The budget, ah the Budget. Being the huge and confusing, media-charged behemoth it has become, I lack the patience or wisdom to poke my nose into more than a fraction of 'the Budget'. One of the key points for me was the raising of the National Minimal Wage to a 'living' wage of £7.20, rising to £9 by 2020. There are two issues with this: firstly it's only for over 25's which condemns struggling young people trying to make their way in the world to a potential life of hardship, until they are deemed worthy enough to earn the same as their slightly older counterparts. Secondly, when you factor in benefit and credit cuts, it's still crap. A higher wage, lower welfare state is all well and good in theory, but the simultaneous tax credits, cuts and additional freezes are predicted to leave lower income earners up to £1000 worse off a year, despite the raised minimum wage.
The Tories, with all their big pals in the City, argue that to demand any further increases would bankrupt businesses and stagnate growth. Admittedly there may be lean times for fresh start ups and small businesses. But if a marginal pay rise is consistently out of reach for the company, then perhaps there is an underlying flaw in the business model. It would be far more transparent if firms applied to the state to support their workers if it is needed, rather than paying low and expecting the government to make up the difference.
Pandora's box. Credit: HM Treasury via Flickr
For an example of the big businesses accused of chronically underpaying staff and relying on the state to top up wages to subsistence level, see Tesco. It seems that the retail giant is never out of the news for its poor sales performances. You could be forgiven for thinking that Tesco's growth had reversed or stalled at the very least, given the apocalyptic headlines. However, the reality is that Tesco ONLY made £3.3 billion in profit in 2013, and £1.4 billion last year! To put that in some perspective, its annual profits in 2013 equated to well over 10% of the entire UK Council tax receipts. With this in mind, Tesco's pleas of poverty with relation to staff pay become even less convincing.
Even then, many will argue that supporting those on lower wages simply isn't the role of the state. And I don't necessarily disagree, as long as workers are entitled to earn enough to live a lifestyle befitting of someone undertaking full-time employment in the world's sixth largest economy. With falling unemployment figures appearing to vindicate the Conservative's plans to get people back to work, it is important to remember that 2013 was the first year where there were more working people living in poverty, than those not working - a whopping 13 million. This should be seen as an embarrassment, and highlights that the assault on lower wage earners is only going one way.
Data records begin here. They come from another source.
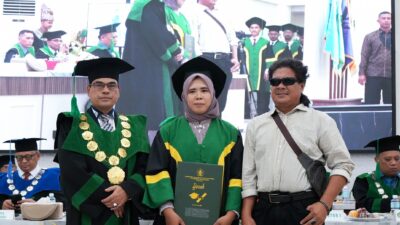 Ikut Wisuda Sarjana Putrinya, Ayah Tunanetra Penuh Bahagia
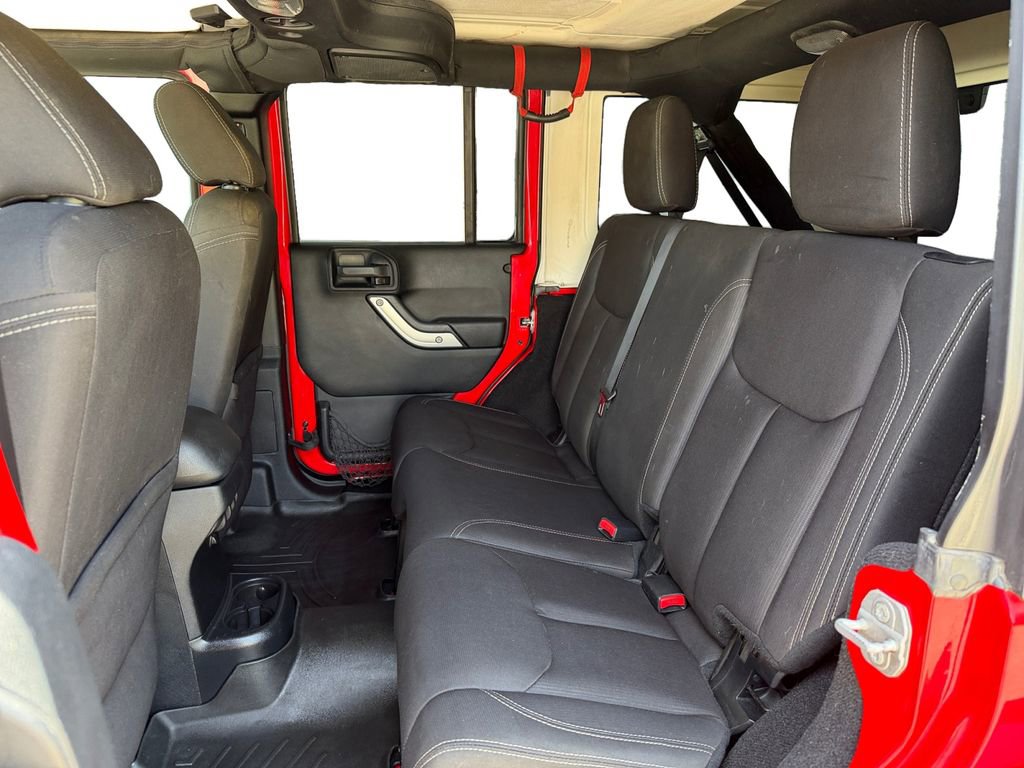Used 2016 Jeep Wrangler Unlimited Sahara w/ Connectivity Group AWD/4WD image 19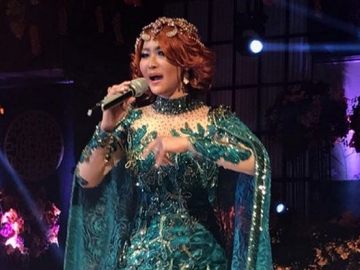 Unggah Foto Tanpa Make Up, Inul Daratista Malah Dikritik Gara-Gara Lengan 'Kendor'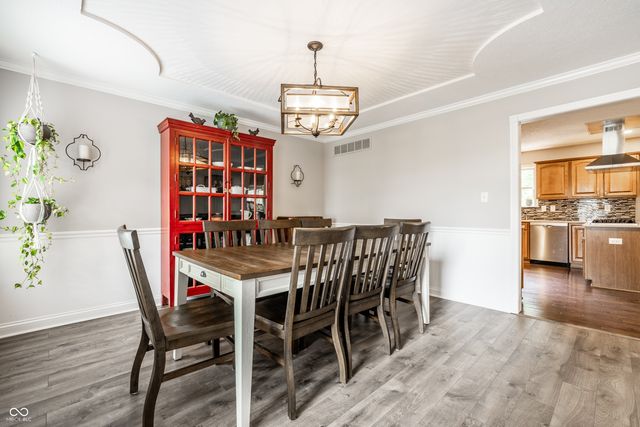 2584 E Fairway Village Drive, Greenfield, IN 46140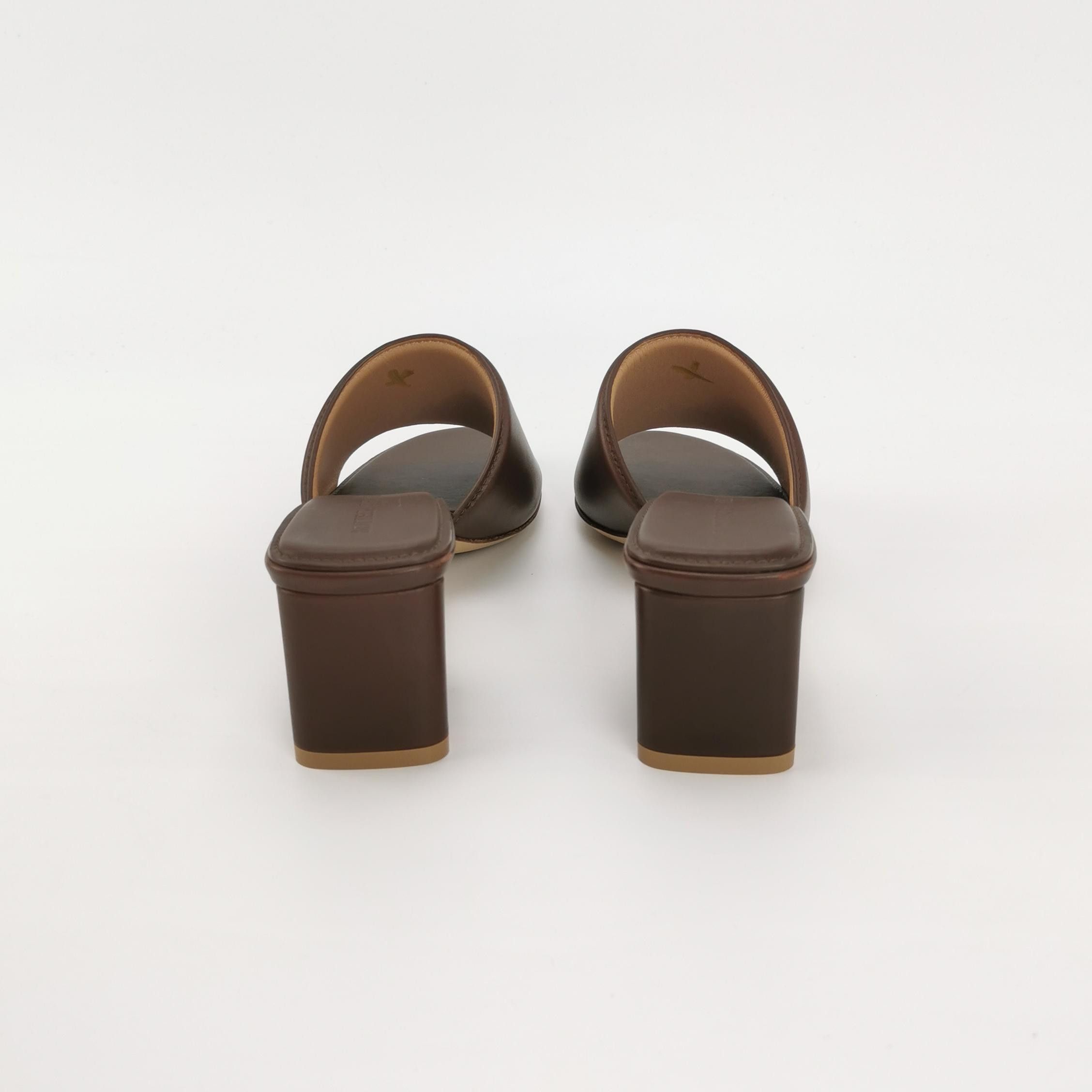 Bottega Veneta Bottega Veneta Women 5-5 Sandals Size US 5.5 / IT 35.5 - 4 Thumbnail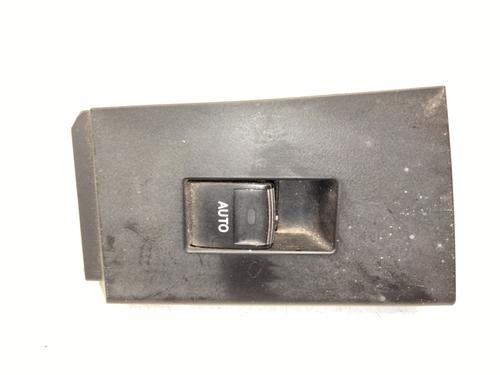 Used Left rear window switch TOYOTA AURIS (_E18_) [2012-2019]  31572132
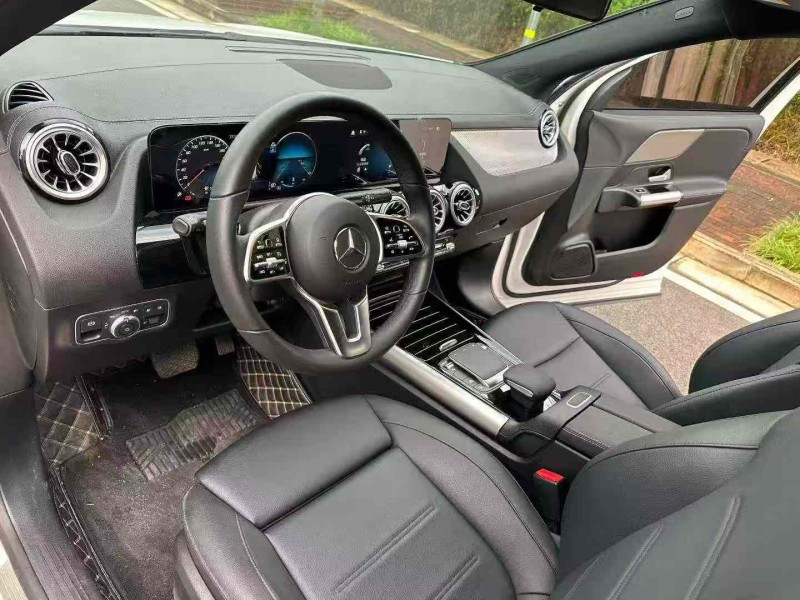 南宁23年奔驰GLA4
People supporting these cuts and the subsequent slamming of those further down the payroll will often claim that that they work harder, are maybe more intelligent, and have generally striven harder to better themselves and their families than those currently supported by the state on low incomes. And all I say to them is: lucky you. Just as my current, relatively cushy existence is largely down to numerous factors outside my control, your success has very little to do with you. Whether it was your parents paying for your Saturday classes or that private education, that guy you met who knew someone that got you an internship, the interviewer who said you reminded her of her son and gave you a knowing smile as you strutted out of the office - success is arguably just a combination of lucky breaks and parental influence (see current Parliament for examples).
I've worked with people on minimum wage, predominantly eastern Europeans who were some of the hardest grafters I have ever come across, being paid pittance for jobs that most British people (myself included) couldn't hack for any great length of time. They had dreams, drive and some even had degrees. They were physiologically no different from someone earning £60,000, but were constrained by the country of their birth and other social constructs.
Nonetheless, this is the world we live in, and people do develop talents as they go through life, while certain things some find easier than others due to their upbringing and choices. So while I'm not calling for a universal wage average or something of that nature, don't begrudge those on lower incomes getting a bit of a helping hand - because it could just have easily been you. As Prince Charles has shown, people aren't born better - despite what we're told.